WHAT THE TASK ASKS → Exactly transcribe the span of lines from the one containing "West In Apartments Cacak Exterior photo" through the final line of the entries, inclusive, and nothing outside it. Exclude the pictures.

DATA RECORDS →
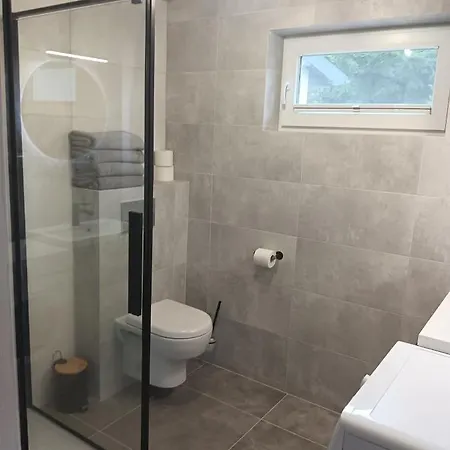 Lesny Zakatek 1 Nad Jeziorem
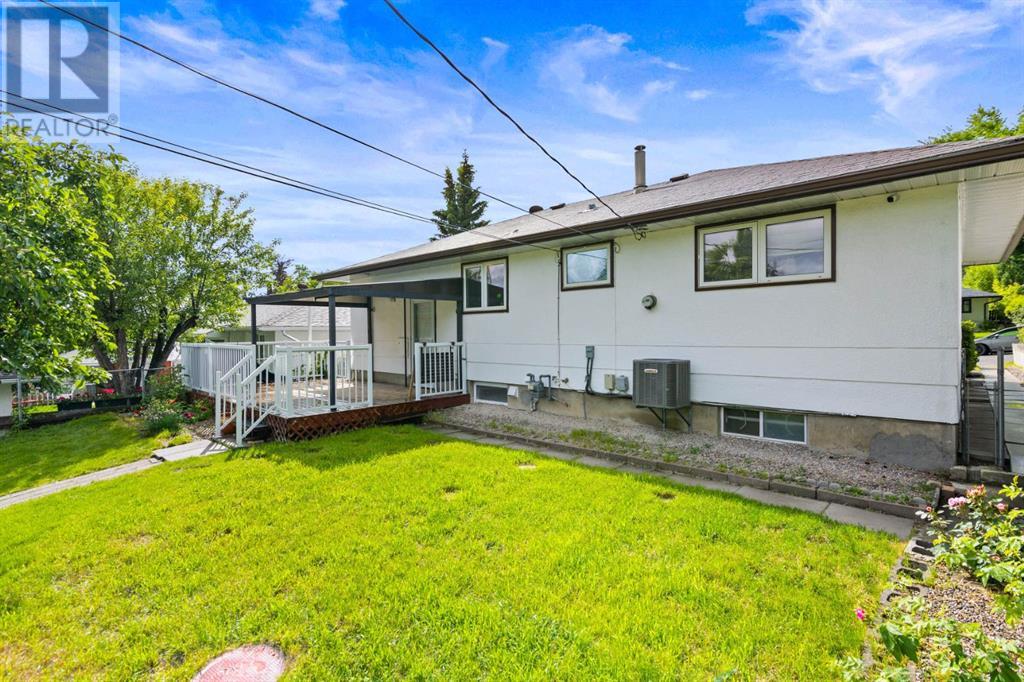 Single Family House Bungalow for Sale in  Cheltenham Road NW Collingwood Calgary 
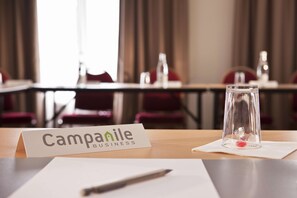 สถานที่จัดงานประชุม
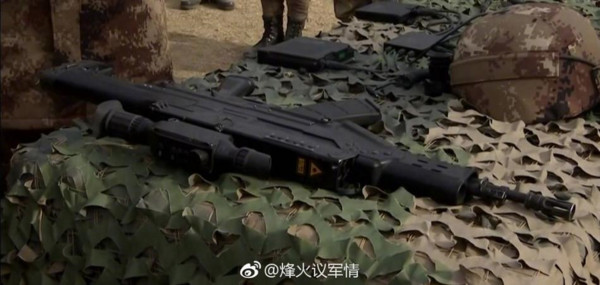 《央視》公開QTS-11式單兵綜合作戰系統，現已在解放軍特戰部隊中列裝。該系統由計算機火控系統、光電觀瞄系統、智能榴彈發射器和步槍所組成。（圖／翻攝自大陸網站）
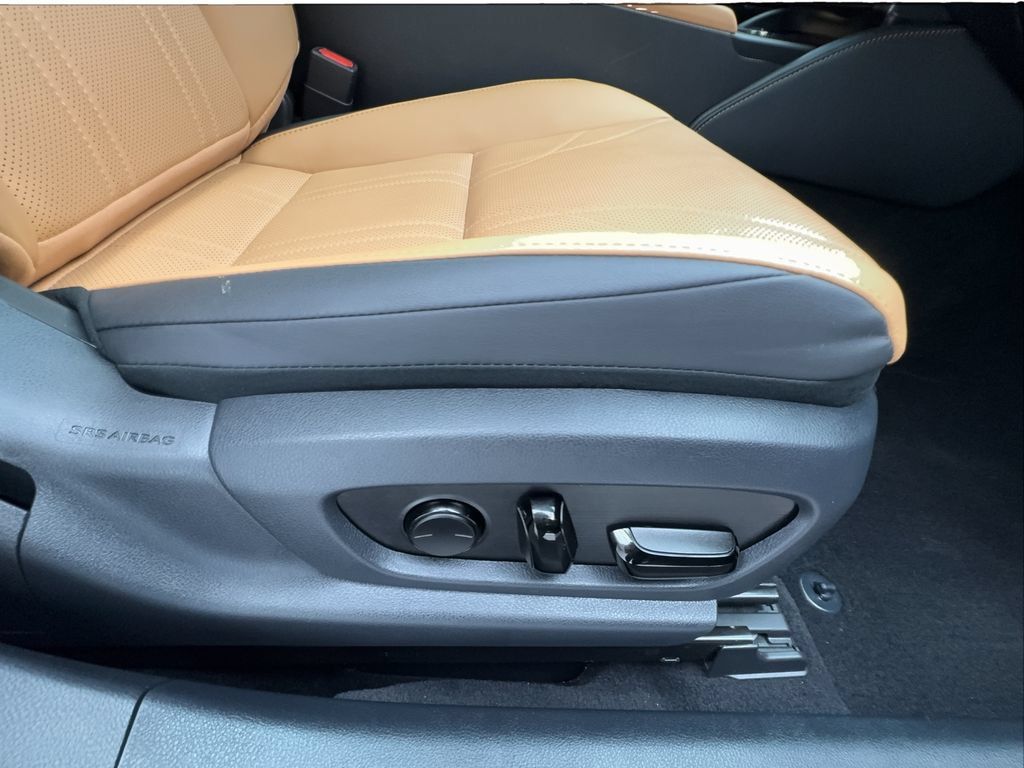 Used 2023 Lexus ES 300h w/ Accessory Package (Z1) FWD image 33
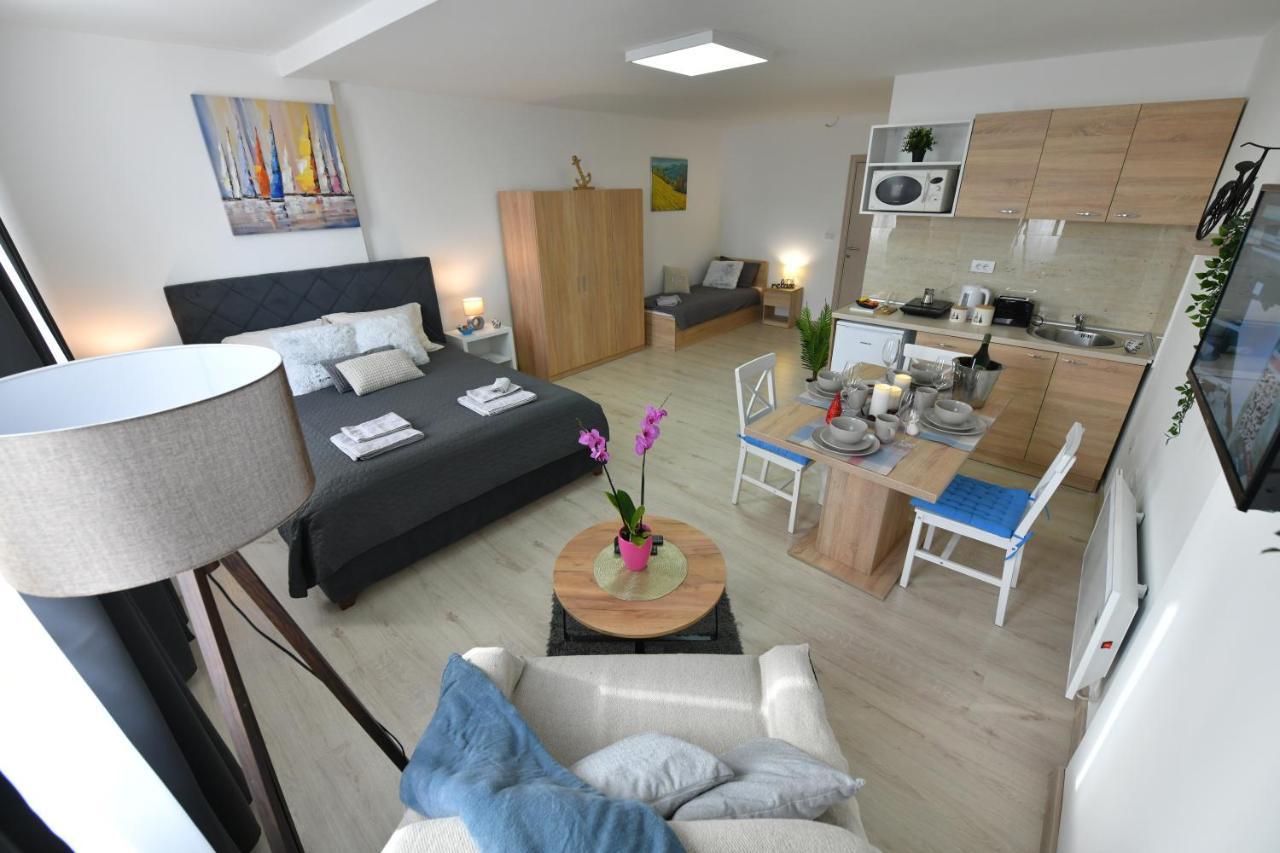 West In Apartments Cacak Exterior photo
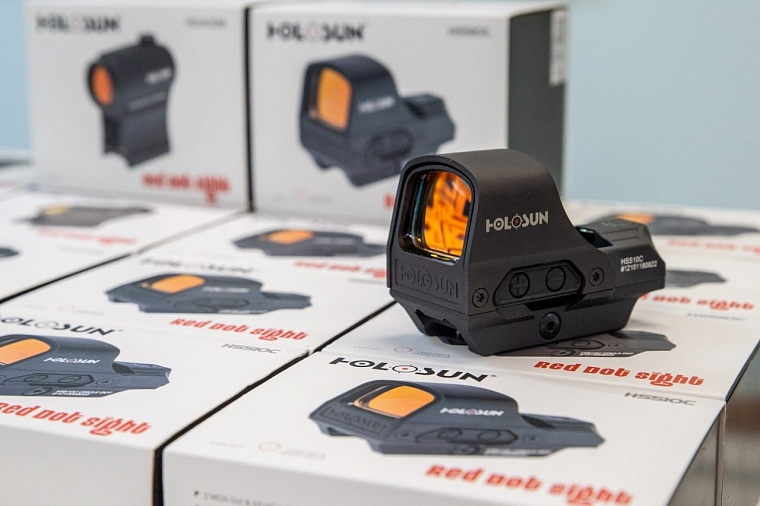 Тюменские подразделения военнослужащих получили тепловизионные и коллиматорные прицелы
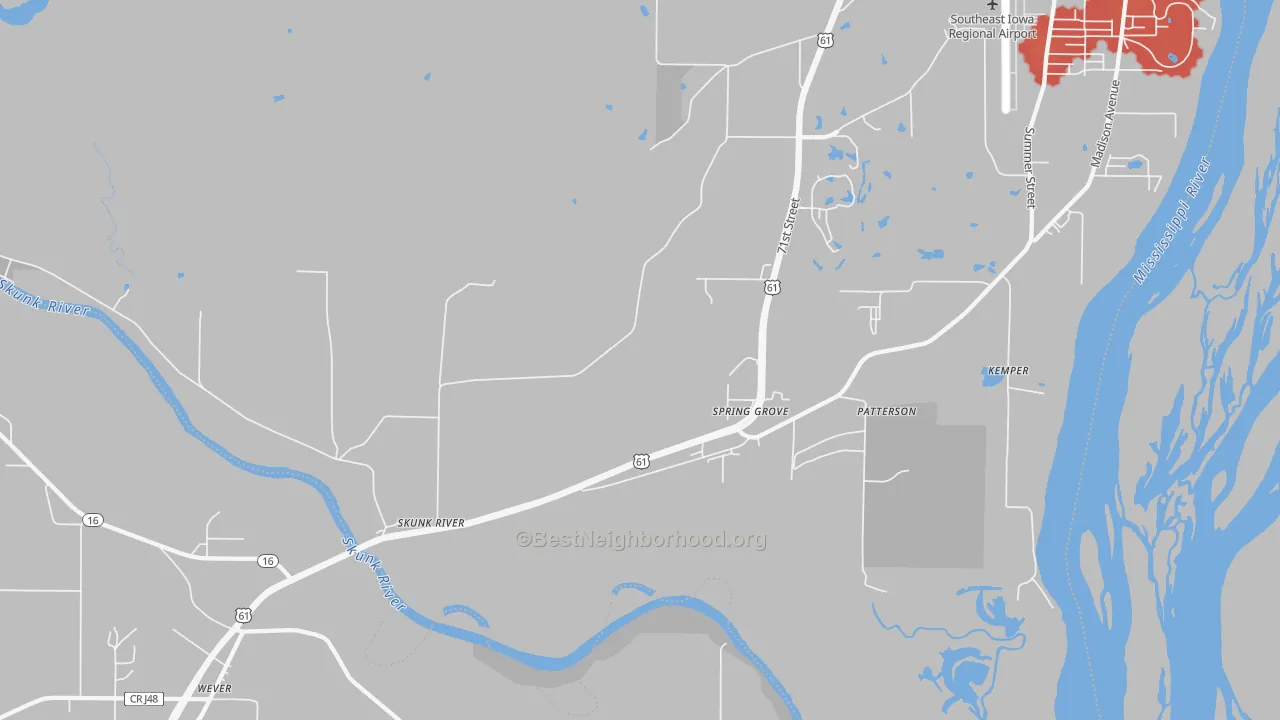 Walk Grade map of Spring Grove, IA, walkable areas in green and car-dependent areas in red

PROBLEM SOLUTION →
 West In Apartments Cacak Exterior photo
 Тюменские подразделения военнослужащих получили тепловизионные и коллиматорные прицелы
 Walk Grade map of Spring Grove, IA, walkable areas in green and car-dependent areas in red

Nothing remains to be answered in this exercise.